UniEnergy plans to manufacture 18 megawatts of its storage systems next year, and “those we’re very actively seeking homes for,” Weed said. With its 67,000-square-foot facility, the startup could scale up to producing up to 100 megawatts of systems per year, he added.
As for the cost of UniEnergy’s system, the startup isn’t disclosing any hard figures right now, but Weed said that a typical installation today will cost “somewhere between, let’s say, $700 and $800 per kilowatt-hour,” a figure that includes all the components needed to interconnect with the grid. “When we scale up to where we’re going, we’re going to be $500 per kilowatt-hour, all in,” he said.
That cost is quite competitive with other flow batteries on the market today, though it’s being challenged on the low end by startups like Imergy, which is aiming to deliver its vanadium redox flow batteries at $500 per kilowatt-hour with its current systems, and drop that to $300 per kilowatt-hour by using recycled vanadium for its electrolyte, among other improvements.
Emerging closed-battery technologies, such as Eos’ zinc-based batteries, Aquion’s sodium-aqueous batteries or Ambri’s liquid-metal batteries, are also promising long-duration energy storage at similarly low price points. But right now, only Aquion is selling its batteries at commercial scale.
Flow batteries do have drawbacks compared to other grid-scale energy storage options like sodium-sulfur or lithium-ion batteries. One major issue is their relatively low (65 percent to 70 percent) “round-trip efficiency,” a measure of how much electricity comes out of them per unit of electricity going in. That’s a low figure, compared to lithium-ion batteries, which have round-trip efficiencies in the 90+ percent range.
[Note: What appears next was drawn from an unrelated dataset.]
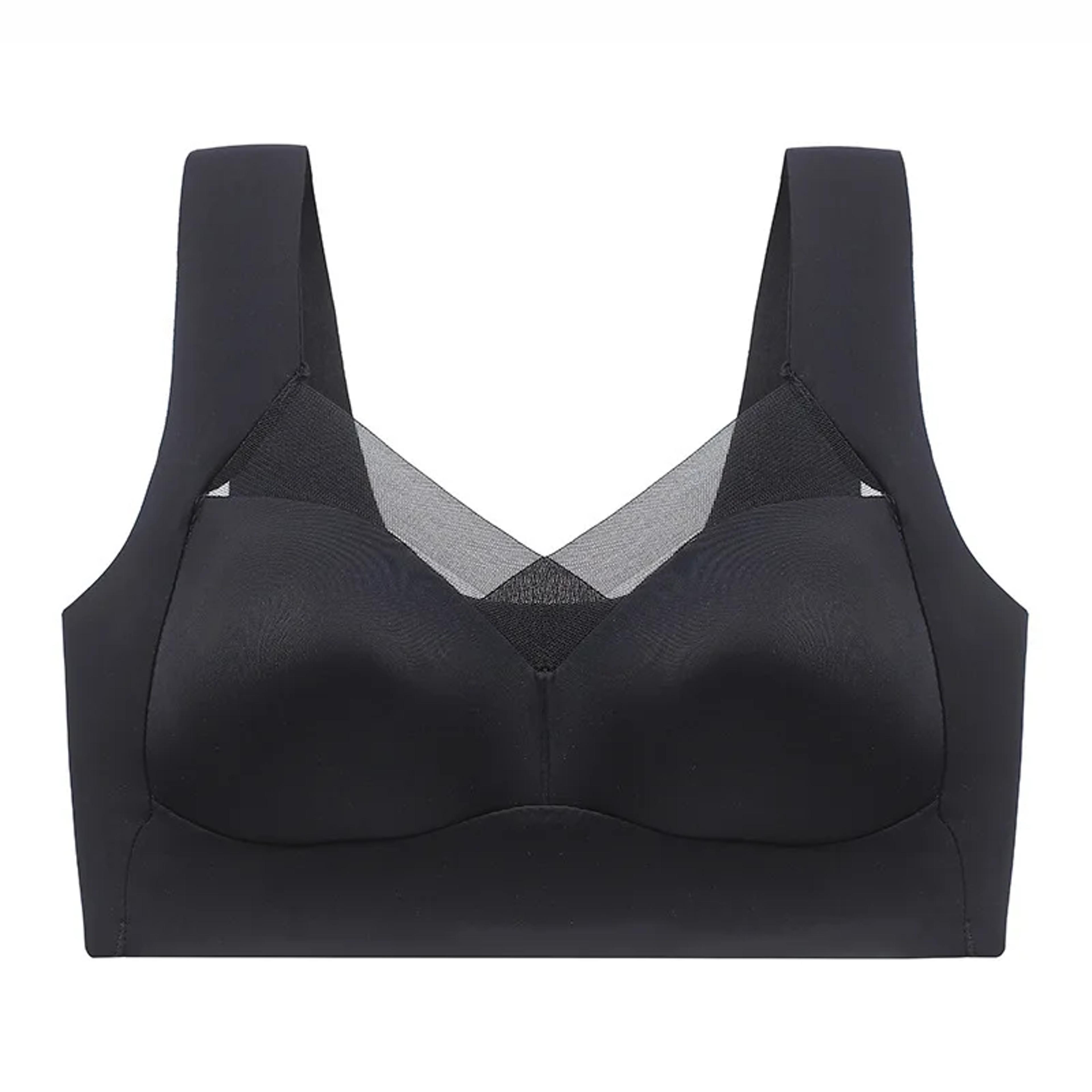 FallSweet Seamless Lace Push Up Bralette Plus Size Wireless Lace Bra Comfort 5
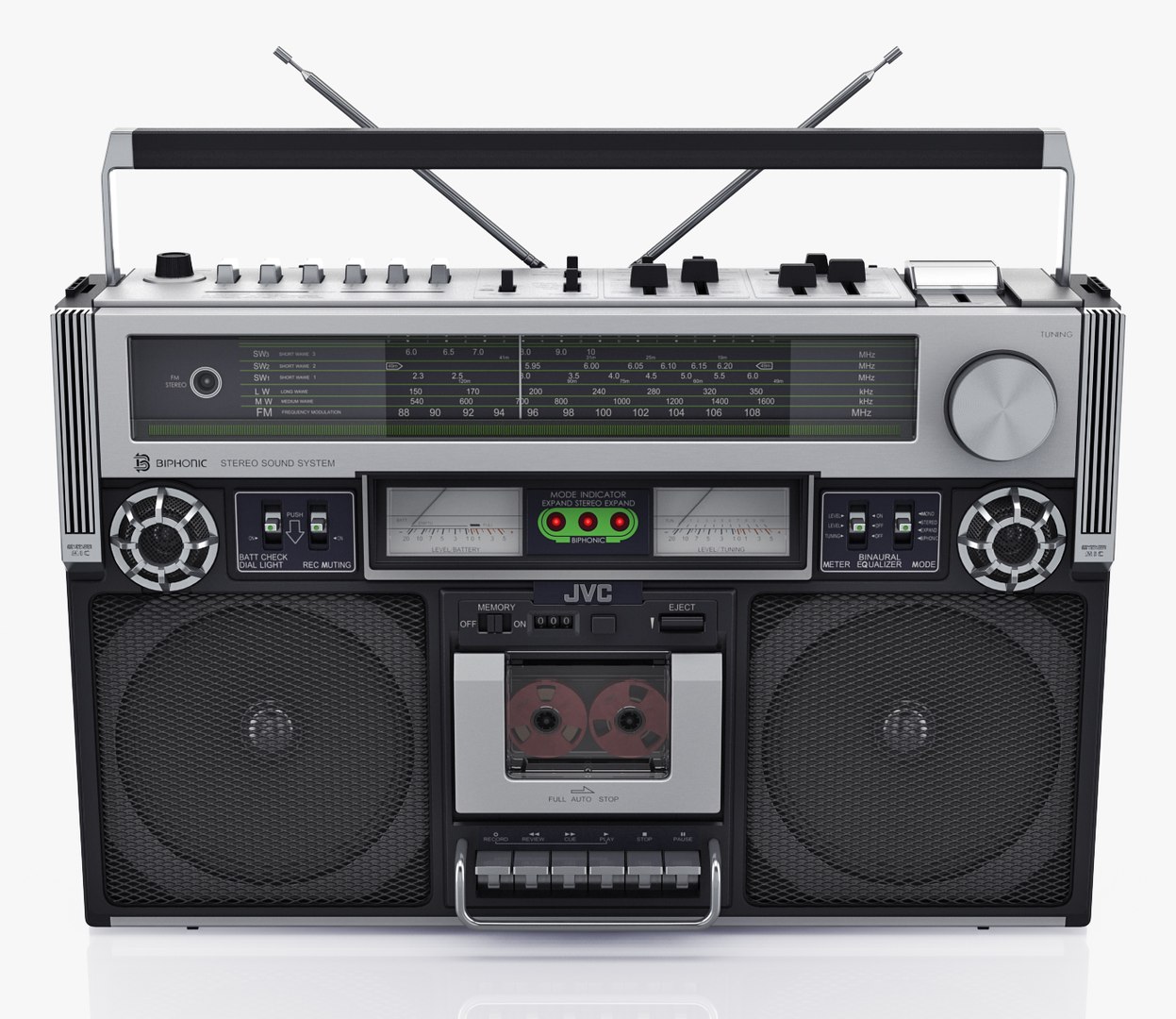 JVC ポータブルカセットプレーヤー Boombox 本体 jvc_rc838_01.jpg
But flow batteries have some significant advantages over lithium-ion batteries and other closed battery systems when it comes to long-duration energy storage. Beyond being designed for this multi-hour storage function, flow batteries can add more electrolyte to existing systems to increase their capacity, while lithium-ion and other “closed” battery systems are stuck with whatever kilowatt/kilowatt-hour ratio they’re designed to achieve.
There are plenty of grid-scale energy storage applications that are just fine for short-duration energy storage -- think of the lithium-ion batteries being used today for grid frequency regulation, or to supply peak-shaving power for buildings. But many other applications being considered for energy storage will require multiple hours of storage at a time -- consider California’s plan to create a flexible capacity resource for its solar-rich grid, which in its present form would require systems to store at least two hours of energy at a time to meet the grid’s needs.
California, which has set a goal of getting 1.3 gigawatts of energy storage on its grid by 2020, is an important testing ground for determining what mix of of long-duration and short-duration storage systems are best suited for meeting a variety of grid needs. UniEnergy plans to bring a 500-kilowatt system it's been testing at its headquarters to California, where it will be connected to an industrial site for further testing, Weed said.
Right now, UniEnergy’s customers are considering its flow batteries for use in a range of grid needs, ranging from multi-hour load-shifting and outage support, to voltage and frequency regulation functions now served by lithium-ion batteries, he said. “We can do peak shaving (or time shifting)...and frequency regulation concurrently,” he noted. “We have test results proving we can do it.”